30th September 2017, 1 min read

Stream VByte: first independent assessment

In an earlier post, I announced Stream VByte, claiming that it was very fast. Our paper was peer reviewed (Information Processing Letters) and we shared our code.

Still, as Feynman said, science is the belief in the ignorance of experts. It is not because I am an expert that you should trust me.

There is a high-quality C++ framework to build search engines called Trinity. Its author, Mark Papadakis, decided to take Stream VByte out for a spin to see how well it does. Here is what Mark had to say:

As you can see, Stream VByte is over 30% faster than the second fastest, FastPFOR in decoding, where it matters the most, and also the fastest among the 3 codecs in encoding (though not by much).
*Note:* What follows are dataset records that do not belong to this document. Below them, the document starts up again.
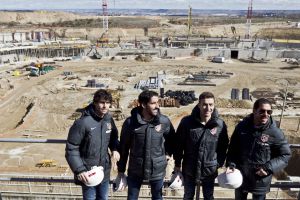 Tiago, Raúl García, Gabi y Simeone durante la visita a 'La Peineta'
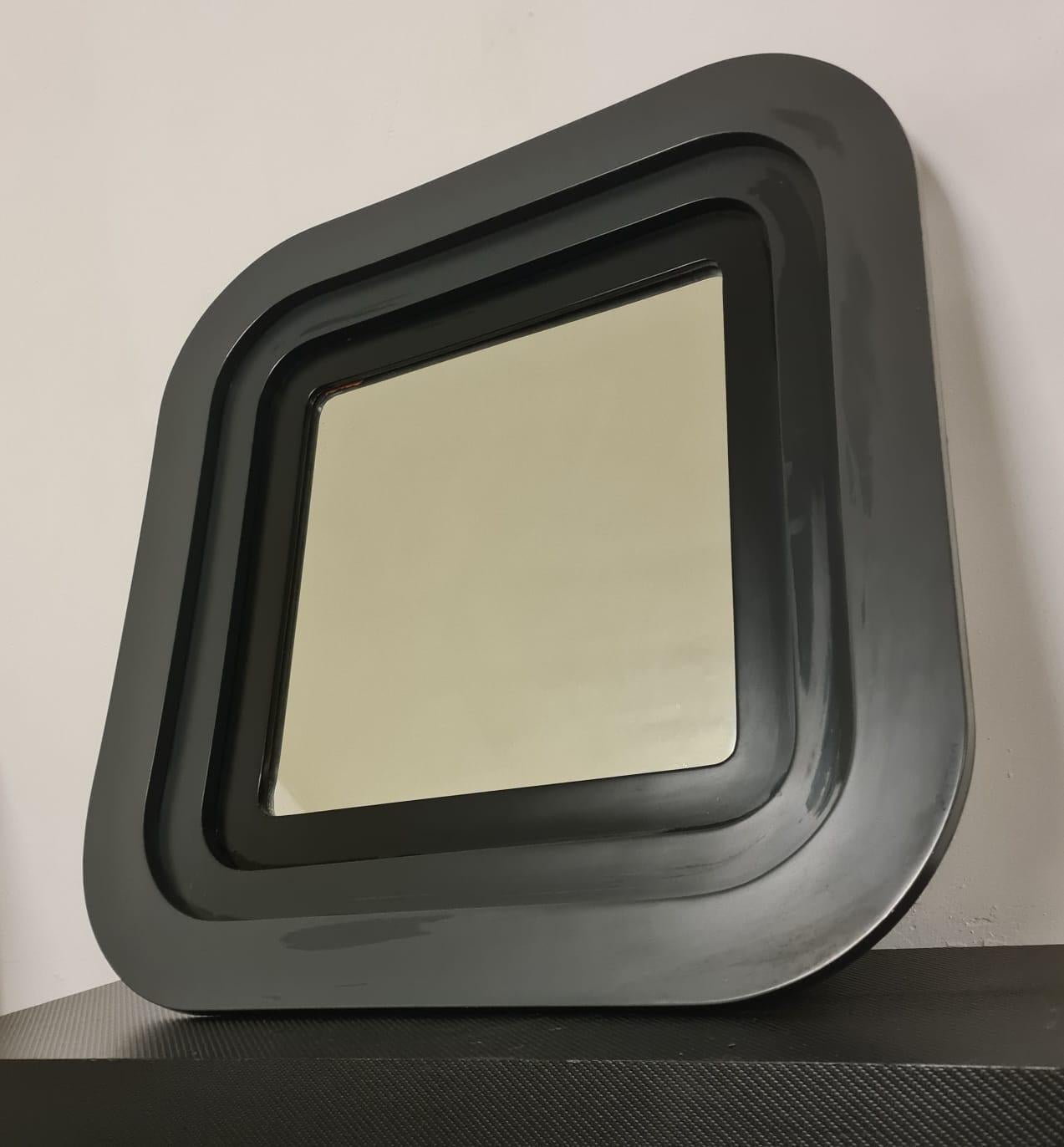 Miroir en bois laqué 1970 en vente 7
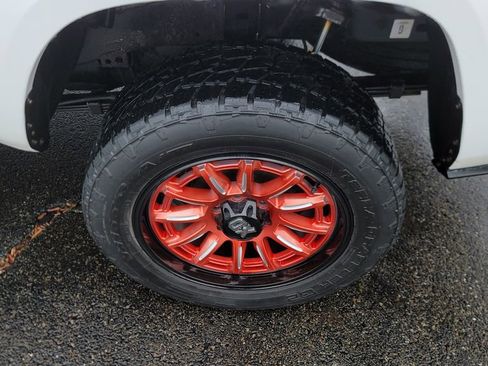 Used 2020 Toyota Tacoma SR image 8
On the flip side, the index generated is larger than the other two codecs, though not by much (17% or so larger than the smallest index generated when FastPFOR is selected).
This is quite an impressive improvement in terms of query execution time, which is almost entirely dominated by postings list access time (i.e integers decoding speed).
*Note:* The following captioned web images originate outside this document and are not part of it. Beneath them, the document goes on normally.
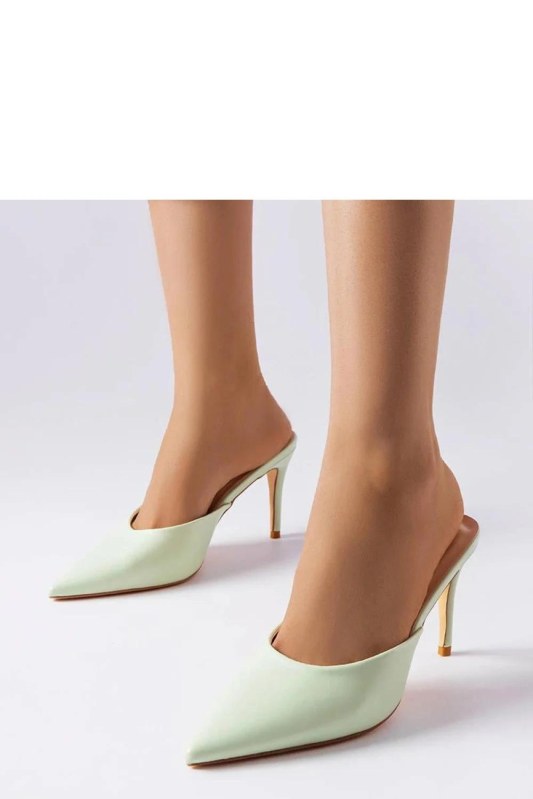 Klapky na podpatku model 207900 Solea - Dámské boty lodičky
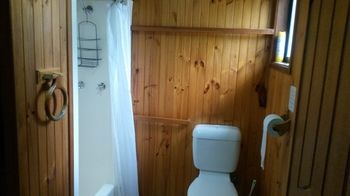 Hunter Hideaway Cottages - Coogee Beach Accommodation 6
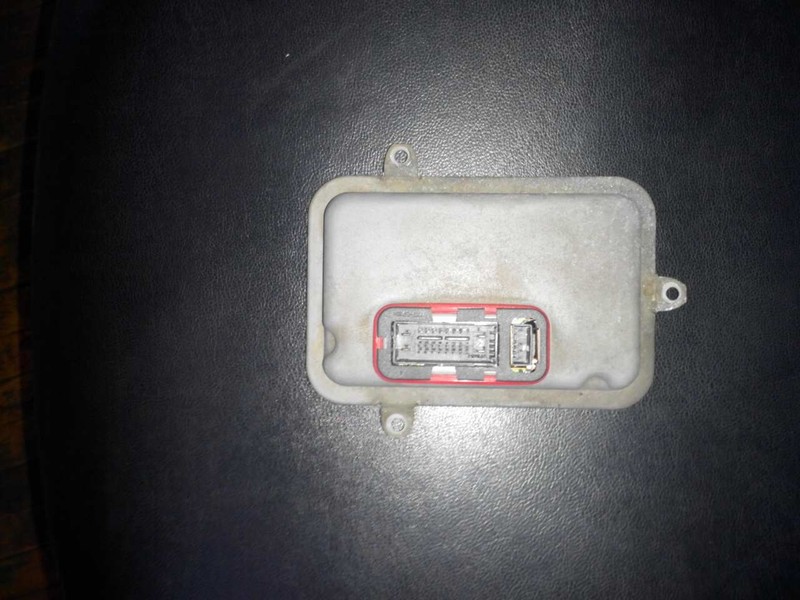 Блок управления фарой A2048700126   Mercedes C-Class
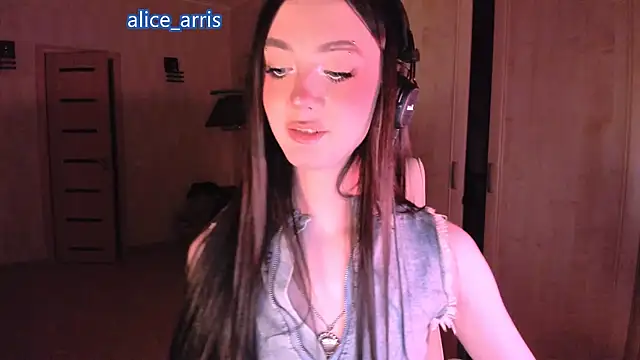 Alice  Aris online show from 03/22/26, 05:58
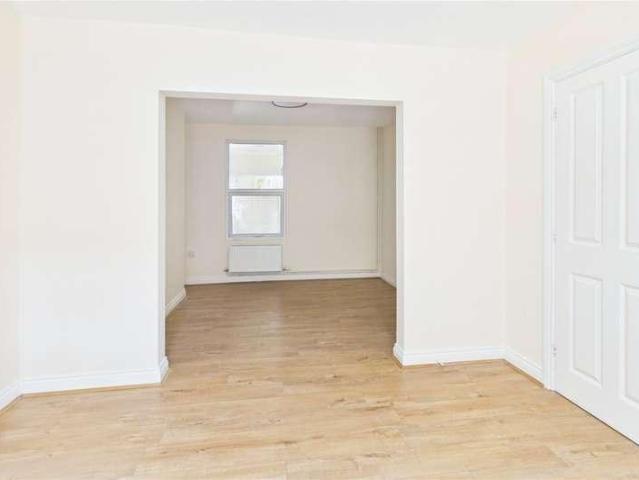 House for sale in Rodbourne, Swindon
I was pleased that Mark found the encoding to be fast: we have not optimized this part of the implementation at all… because everyone keeps telling me that encoding speed is irrelevant. So it is “accidentally fast”. It should be possible to make it much, much faster.

Mark points out that Stream VByte does not quite compress as well, in terms of compression ratios, than other competitive alternatives. That’s to be expected because Stream VByte is a byte-oriented format, not a bit-oriented format. However, Stream VByte really shines with speed and engineering convenience.